Recently retired 400-gamer Shaun Burgoyne has joined Channel Seven’s coverage this season and hopes to give viewers insight into what players are thinking.
It will be a second role in the football industry for Burgoyne, who has also returned to Port Adelaide as an indigenous liaison officer.
Burgoyne will cover most games in Adelaide for Seven and will be a boundary rider in Melbourne for the season opener between last year’s grand finalists the Demons and the Western Bulldogs.
Shaun Burgoyne will join the Seven commentary team this season.Credit:Getty Images
The genial 39-year-old said he was unlikely to seek controversy in his assessments.
“I hope to be more of a positive contributor among the team, that would be my angle and my goal. I am not one to try to create controversy in anything, but we will see how things go and how things evolve and what kind of style I adapt,” Burgoyne said.
He said he was privileged to join a commentary group he described as the who’s who of football.
“[I have] a bit of excitement, a bit of nerves, but I can’t wait until round one,” Burgoyne said.
Seven has a slightly changed line-up for their AFL coverage in 2022. AFLW star Daisy Pearce, who has a special comments role, is shifting to Friday nights. Wayne Carey, who previously did Friday nights, will shift to Saturdays.
Burgoyne said Port Adelaide, where he played part of his career before making the move to Hawthorn, must keep their focus on what is in front of them rather than what lies ahead if they go deep into finals.

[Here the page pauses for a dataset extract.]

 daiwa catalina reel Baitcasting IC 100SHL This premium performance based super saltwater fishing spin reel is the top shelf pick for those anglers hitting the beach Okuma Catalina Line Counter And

Port Adelaide lost their preliminary finals in 2020 and 2021, and consecutive losses at the final hurdle is something Burgoyne has experienced himself. He played in back-to-back preliminary final losses with Port Adelaide in 2002 and 2003 before they broke through to win the flag in 2004, and he then played in a preliminary final and grand final losses in consecutive years at Hawthorn before being a key part of their famous three-peat from 2013-2015.

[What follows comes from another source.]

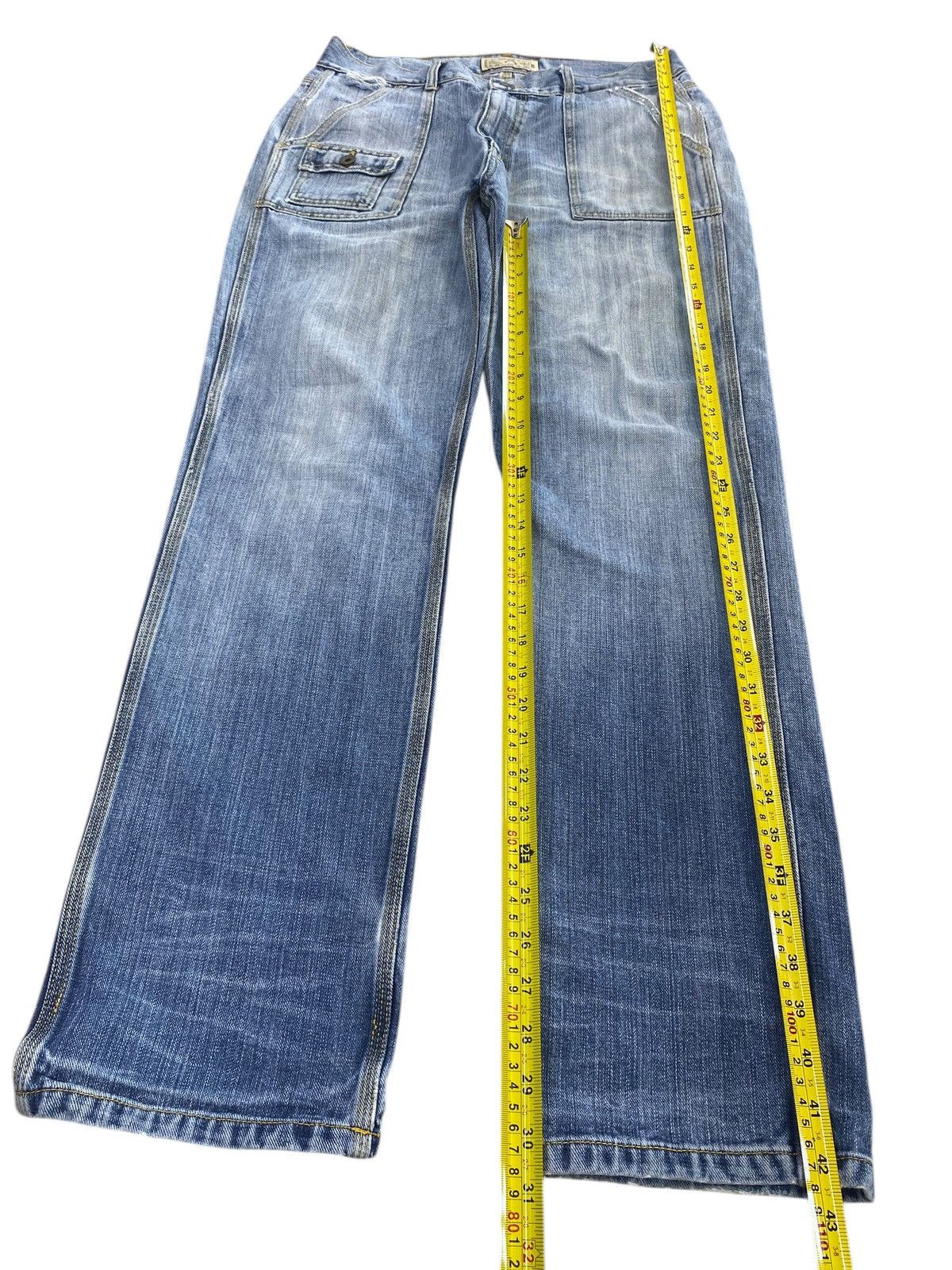 Other Japanese Brand Acid Wash Style Bush Pants Jeans Size US 32 / EU 48 - 7 Thumbnail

In his 407-game career he played in four flags, two grand final defeats and three preliminary final losses.
“I have lived and breathed exactly what the club and those players have gone through,” Burgoyne said.
“The true test will come … later in the year but all you can do is rock up to training, train hard, get your first game out of the way then get your second game out of the way. You can’t afford in this business to look too far ahead because when you do you quickly fall behind.”
Burgoyne said adding Jeremy Finlayson and Trent Dumont to the list and introducing more young talent, such as Josh Sinn, will strengthen the team that lost the past two preliminary finals at home.
“You have got to learn your lessons and understand what you did right and what you did wrong. Obviously, they fell short and [will have] analysed that.”
Burgoyne predicted that Hawthorn would finish in a similar position down the ladder under new coach Sam Mitchell as they have in the previous two seasons under Alastair Clarkson, with a rebuild underway.
“It looks like a tough year lies ahead and that is what they forecast as they are playing all the kids and, obviously, there are some senior players and experience going out, but that is part of their process going forward,” Burgoyne said.